Re: [PATCH] Allow restricting permissions in /proc/sys

From: Topi Miettinen
Date: Mon Nov 04 2019 - 12:59:03 EST


On 4.11.2019 17.44, Eric W. Biederman wrote:
Topi Miettinen <toiwoton@xxxxxxxxx> writes:

On 3.11.2019 20.50, Eric W. Biederman wrote:
Topi Miettinen <toiwoton@xxxxxxxxx> writes:

Several items in /proc/sys need not be accessible to unprivileged
tasks. Let the system administrator change the permissions, but only
to more restrictive modes than what the sysctl tables allow.

This looks quite buggy. You neither update table->mode nor
do you ever read from table->mode to initialize the inode.
I am missing something in my quick reading of your patch?

inode->i_mode gets initialized in proc_sys_make_inode().

I didn't want to touch the table, so that the original permissions can
be used to restrict the changes made. In case the restrictions are
removed as suggested by Theodore Ts'o, table->mode could be
changed. Otherwise I'd rather add a new field to store the current
mode and the mode field can remain for reference. As the original
author of the code from 2007, would you let the administrator to
chmod/chown the items in /proc/sys without restrictions (e.g. 0400 ->
0777)?

At an architectural level I think we need to do this carefully and have
a compelling reason. The code has survived nearly the entire life of
linux without this capability.

I'd be happy with only allowing restrictions to access for now. Perhaps later with more analysis, also relaxing changes and maybe UID/GID changes can be allowed.

I think right now the common solution is to mount another file over the
file you are trying to hide/limit. Changing the permissions might be
better but that is not at all clear.

Do you have specific examples of the cases where you would like to
change the permissions?

Unprivileged applications typically do not need to access most items in /proc/sys, so I'd like to gradually find out which are needed. So far I've seen no problems with 0500 mode for directories abi, crypto, debug, dev, fs, user or vm.

I'm also using systemd's InaccessiblePaths to limit access (which mounts an inaccessible directory over the path), but that's a bit too big hammer.
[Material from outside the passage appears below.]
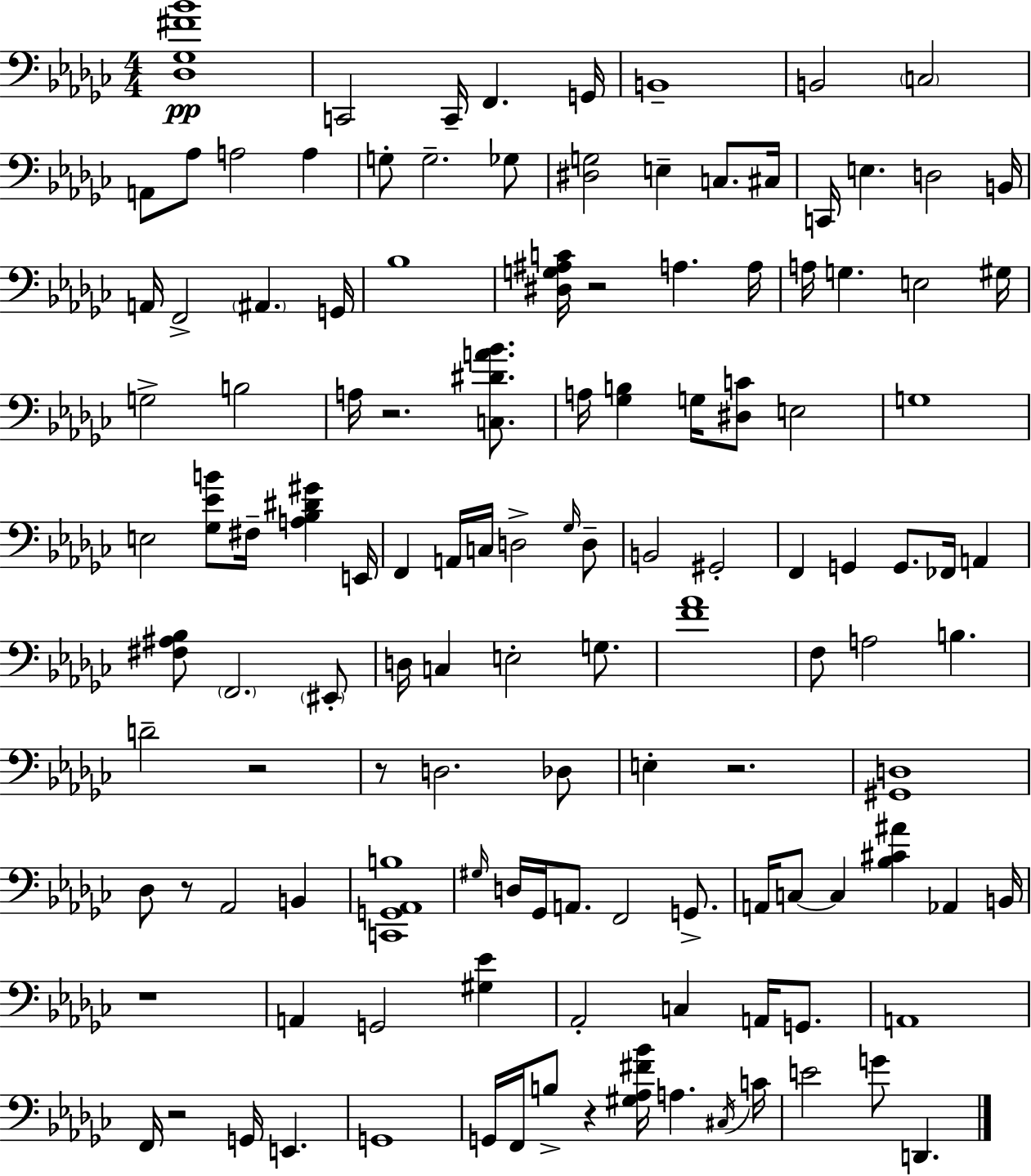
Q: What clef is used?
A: bass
For example there are over 100 files in /proc/sys/kernel, perhaps there will be issues when creating a mount for each, and that multiplied by a number of services.

The not updating table->mode almost certainly means that as soon as the
cached inode is invalidated the mode changes will disappear. Not to
mention they will fail to propogate between different instances of
proc.

Loosing all of your changes at cache invalidation seems to make this a
useless feature.

At least different proc instances seem to work just fine here (they
show the same changes), but I suppose you are right about cache
invalidation.

It is going to take the creation of a pid namespace to see different
proc instances. All mounts of the proc within the same pid_namespace
return the same instance.

I see no problems by using Firejail (which uses PID namespacing) with v2, the permissions in /proc/sys are the same as outside the namespace.

-Topi